Dr. Jean Rohleder

Gast des Instituts und Assoziierter Forschender

E-Mail
jean.rohleder@unibe.ch
Office
B 168

 
 

PhD-Projekt

Vamale/Mwaeke is a South Oceanic, North New Caledonian language spoken in the South Pacific territory of New Caledonia (de facto French). Its speakers were scattered due to colonial oppression (1917), and are now geographically removed from their linguistic cousins by a mountain range. It is highly endangered (ca. 180 speakers, many elderly) and undescribed except for fragments. Its contact with Cèmuhî, Pije, and French may have had an impact on parts of its morphosyntax and phonology, more than on other languages of the Voh-Koné cluster.

 

New Caledonia
New Caledonia

This PhD project described the language with a grammar (under review, Language Science Press) and a dictionary. Using high-end cameras, microphones and other recording equipment, I documented a significant part of Vamale culture, representing the second biggest collection after Rivierre's Paicî corpus on Pangloss. The project shed light not only on Vamale itself, but also on the impact of colonisation on languages, and the inner structure of the North New Caledonian language family.

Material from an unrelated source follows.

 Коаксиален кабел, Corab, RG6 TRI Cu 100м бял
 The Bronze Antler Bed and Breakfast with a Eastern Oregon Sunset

The collected data is organised in a publicly accessible archive as a corpus and text collection (text and audio), and in thematic dictionaries.

Some of the data may be used by local cultural organisations, the ALK and the ADCK to elaborate school materials and other small publications on Vamale.

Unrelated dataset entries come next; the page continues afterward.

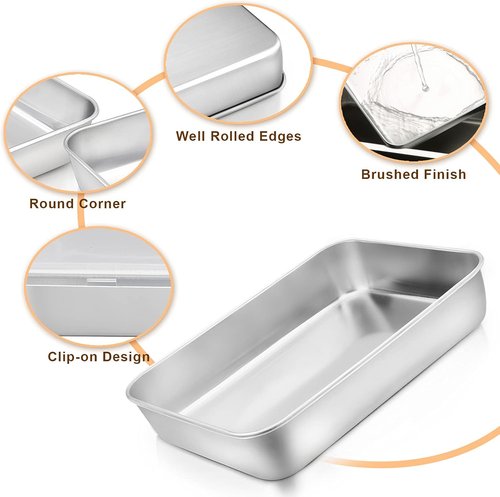 E-far Toaster Oven Baking Pan Set - 10.4”x 8”x 2” Stainless Steel Cake Pans with Lids | Non-Toxic & Dishwasher Safe
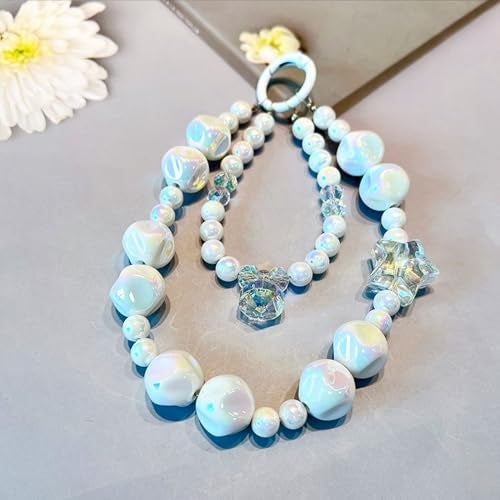 KC Keychain Phone Wrist Strap Pearl Beaded Mobile Phone Cute Charm Hanging Bracelet Marble Pearl Star Cute Charm For Phone/Purse/Camera/Bags, Case Cover For Girls Women White - Image 4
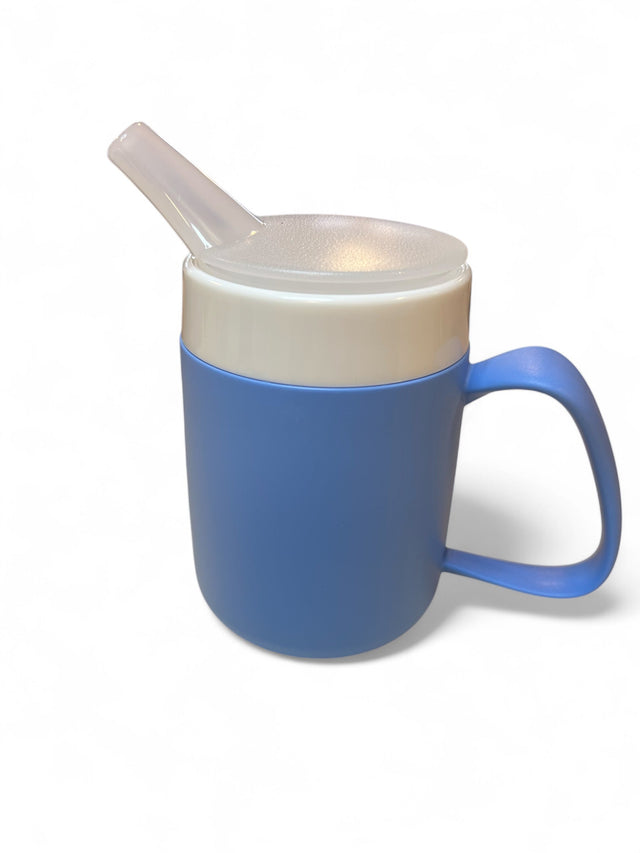 Ergonomisk drikkekop – 180 ml, Slidstærk & sikker til varme drikke - Seniorpleje - Drikkekop med tud - Seniorpleje - SPLORN - 13 - Himmelblå -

I received an IGS grant with the Endangered Languages Documentation Programme.

Thenganepaik, commune of Touh
Thenganepaik, commune of Touh © Jean Rohleder

PostDoc project

After Vamale, two other New Caledonian languages are the focus of a new project: Centre-Northern Paicî (ca. 5000 speakers) and Eastern-Northern Nemi (ca. 300). Financed in part by the ISW, with two years to follow at the LACITO-CNRS funded by the SNF, the project will describe the two languages' morphosyntax with sketch grammars, and will dress a typology of subject-marking in Northern New Caledonian languages. Fieldwork for this takes place in 2023,2024, and 2025.